ー昨年末にEP『After Dark』をリリースし、最近ではシングルも立て続けにリリースしています。今回のアルバム『5FEET』の構想はいつ頃から?
「My Basket」をリリースした頃には「アルバムとしてまとめられるように曲を作っていかなきゃな」って感じでした。

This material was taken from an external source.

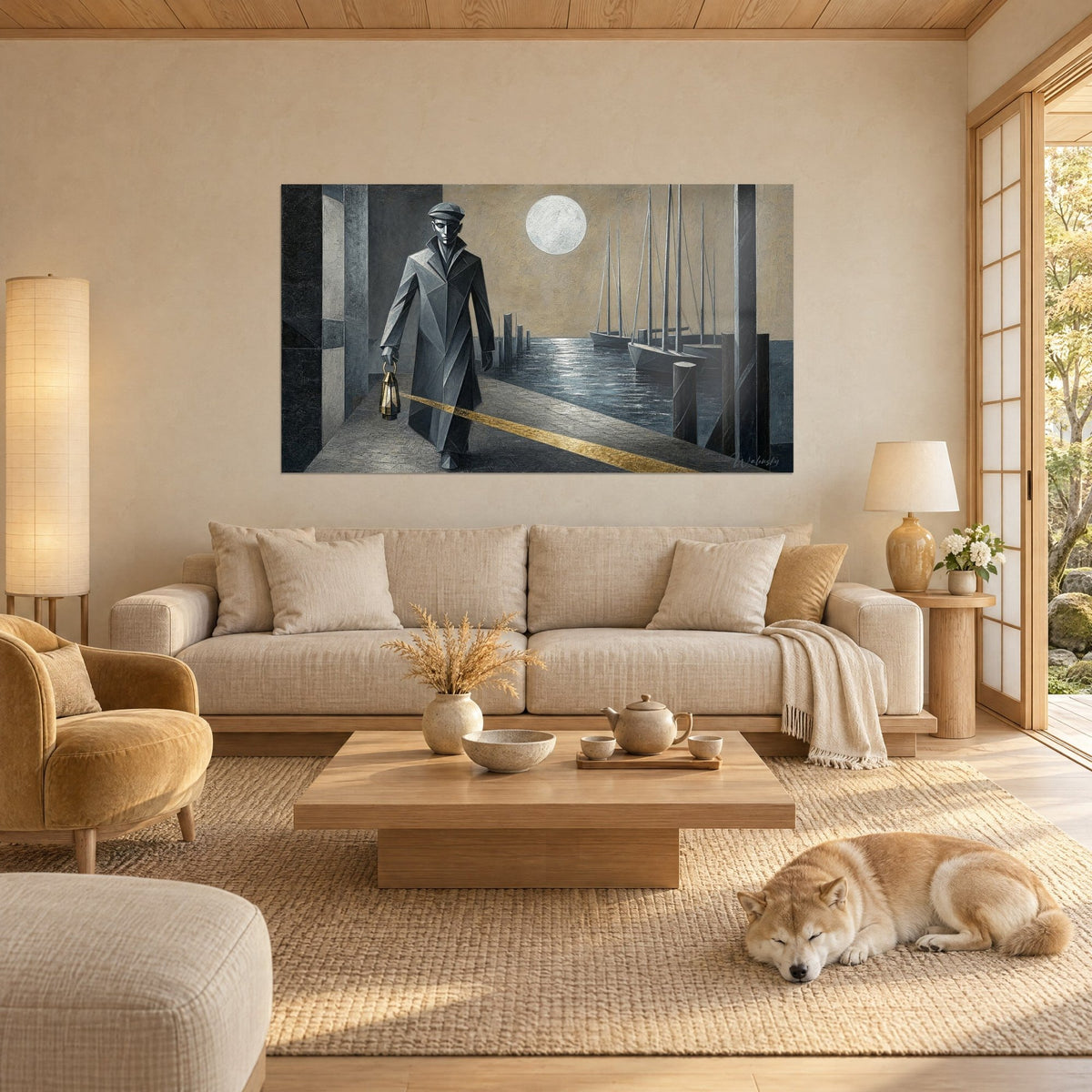 Tableau marin cubiste en manteau gris tenant une lanterne dorée, lune pâle sur ciel beige, Shiba endormi, au-dessus d'un canapé dans un salon lumineux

ー5月にはヒップホップ・フェス「POP YOURS」への出演も。私も現地で観ていましたが、驚くほど堂々としていて余裕すら感じました。緊張はしていなかった?
緊張してたのかな?いまだに分からないんですよね。でも、私なりに頑張ってきた様子を見せることができたと思っています。やっぱり、(昨年の)「My Verse」の頃から比べると明らかに楽曲の完成度も高くなったと思うし、ラップも上手くなるよう頑張った。ステージを見ていたお兄ちゃんからは「余裕はあったけど、もっとがむしゃらさが欲しかった」と言われたけど、逆に友人は「余裕があって、スターだった」と言ってくれて。「人によって、ステージ上の私に対して求めることが違うんだ」って悩むきっかけにもなりました。
ーアーティストとして「どう振る舞うべきか?」と。問題が解決するというか、「これでいいんだ!」と納得する瞬間はありましたか?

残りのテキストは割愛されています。